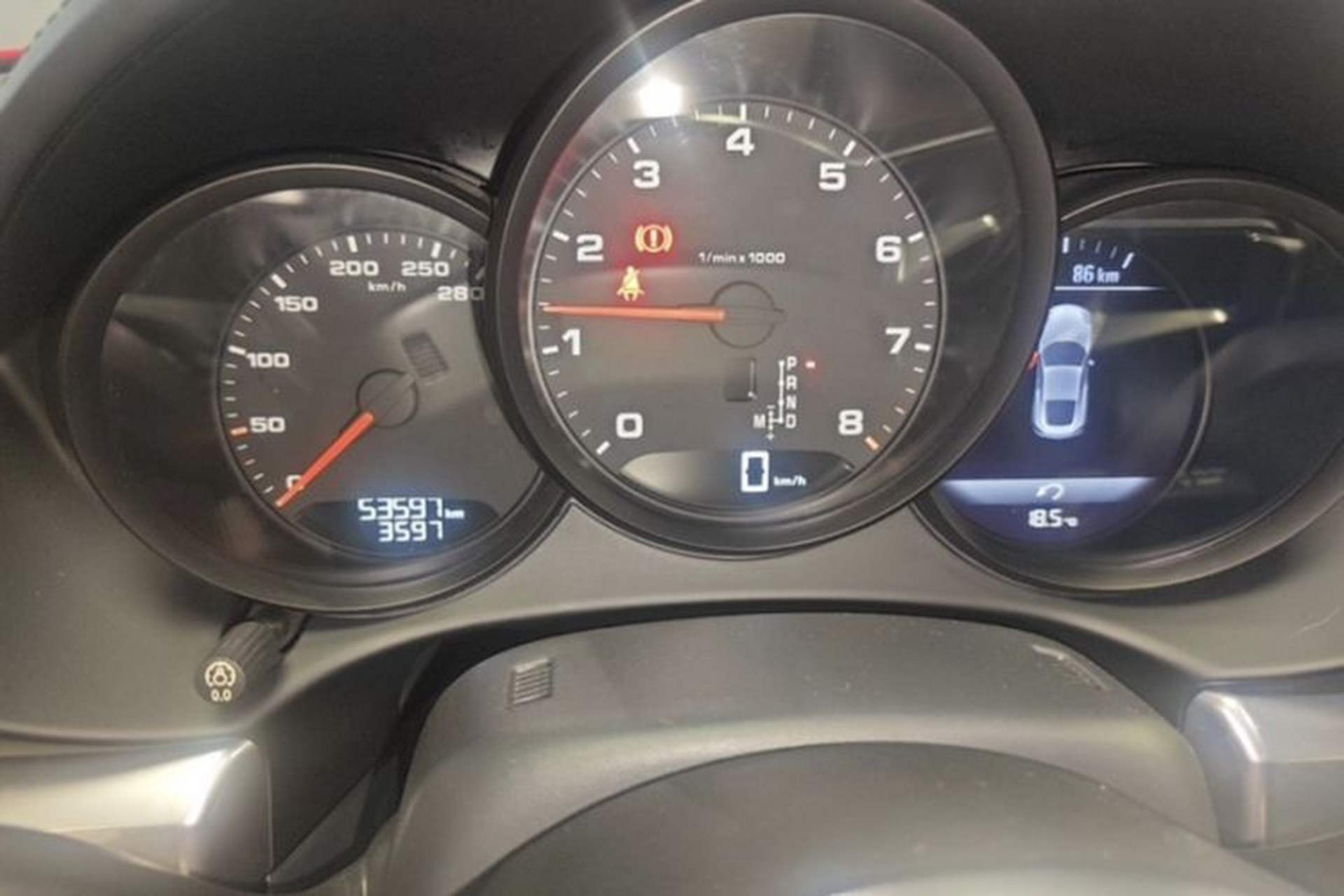 Used Porsche 718 2016 Cayman 2.0T Odometer Close Up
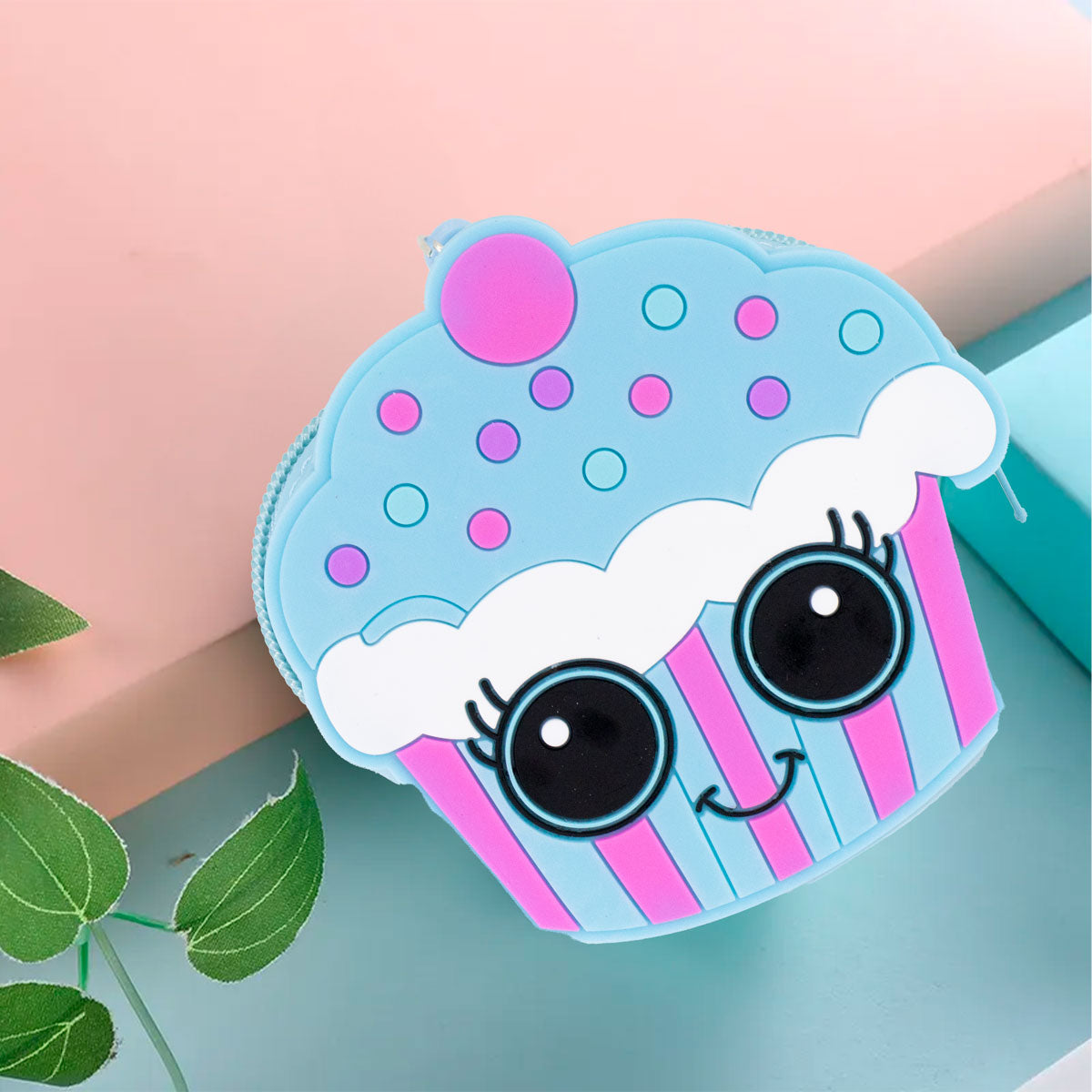 Almacenador de Silicón en Forma de Panque color Azul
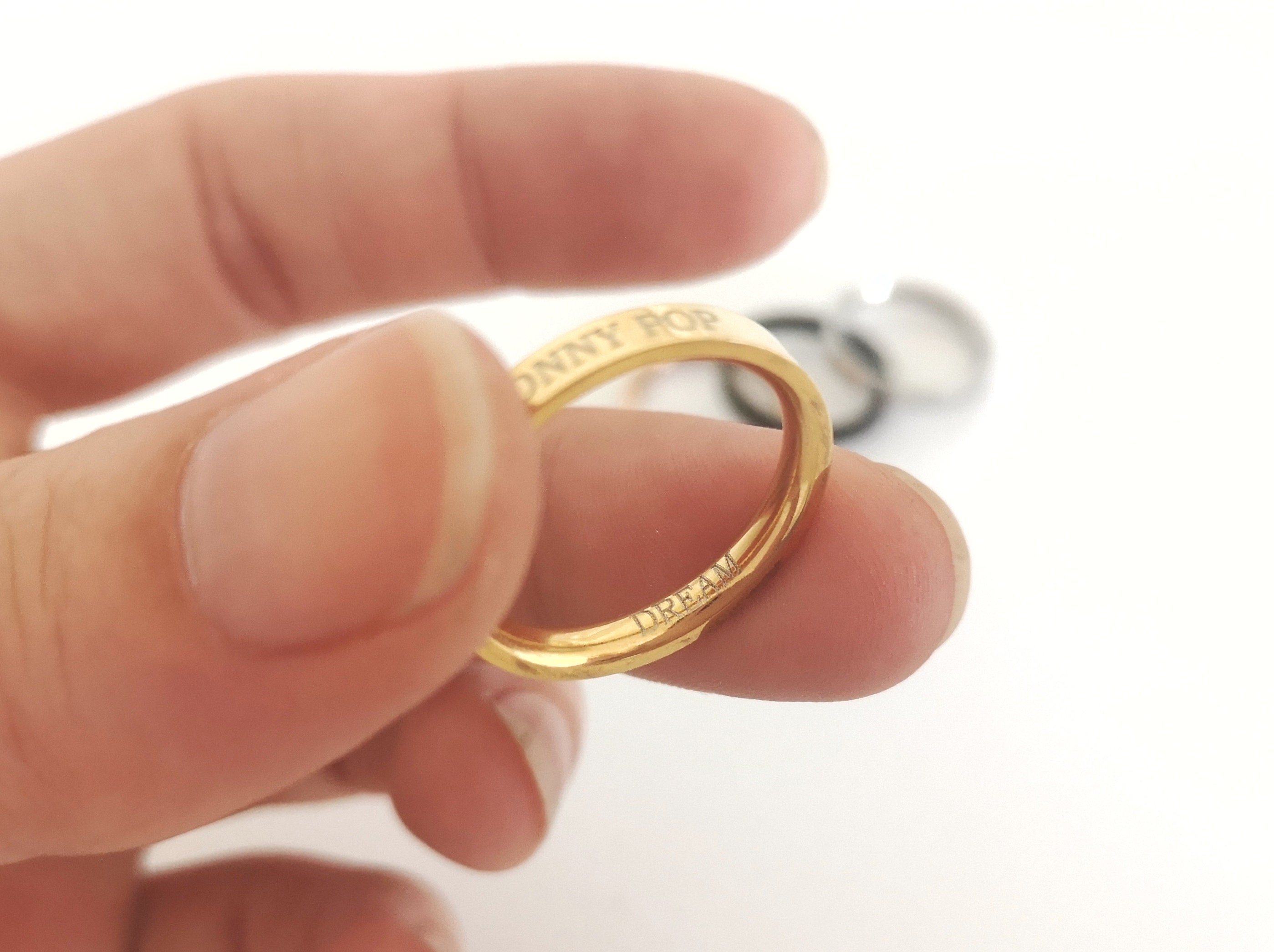 Bague ajustable à prénom arabe et coeur personnalisé | Bijoux Steel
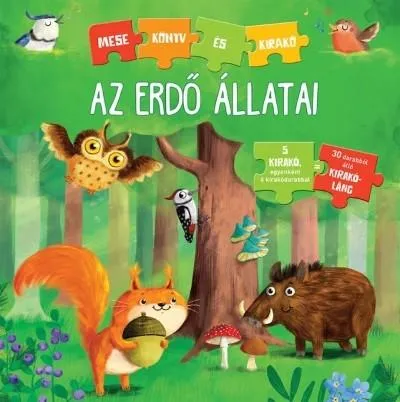 Árengedmény Az erdő állatai - Mesekönyv és kirakó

- _Brief_
Extract the full listing above verbatim; pictures are to be left out of the copy.

- _Worked solution_
 Used Porsche 718 2016 Cayman 2.0T Odometer Close Up
 Almacenador de Silicón en Forma de Panque color Azul
 Bague ajustable à prénom arabe et coeur personnalisé | Bijoux Steel
 Árengedmény Az erdő állatai - Mesekönyv és kirakó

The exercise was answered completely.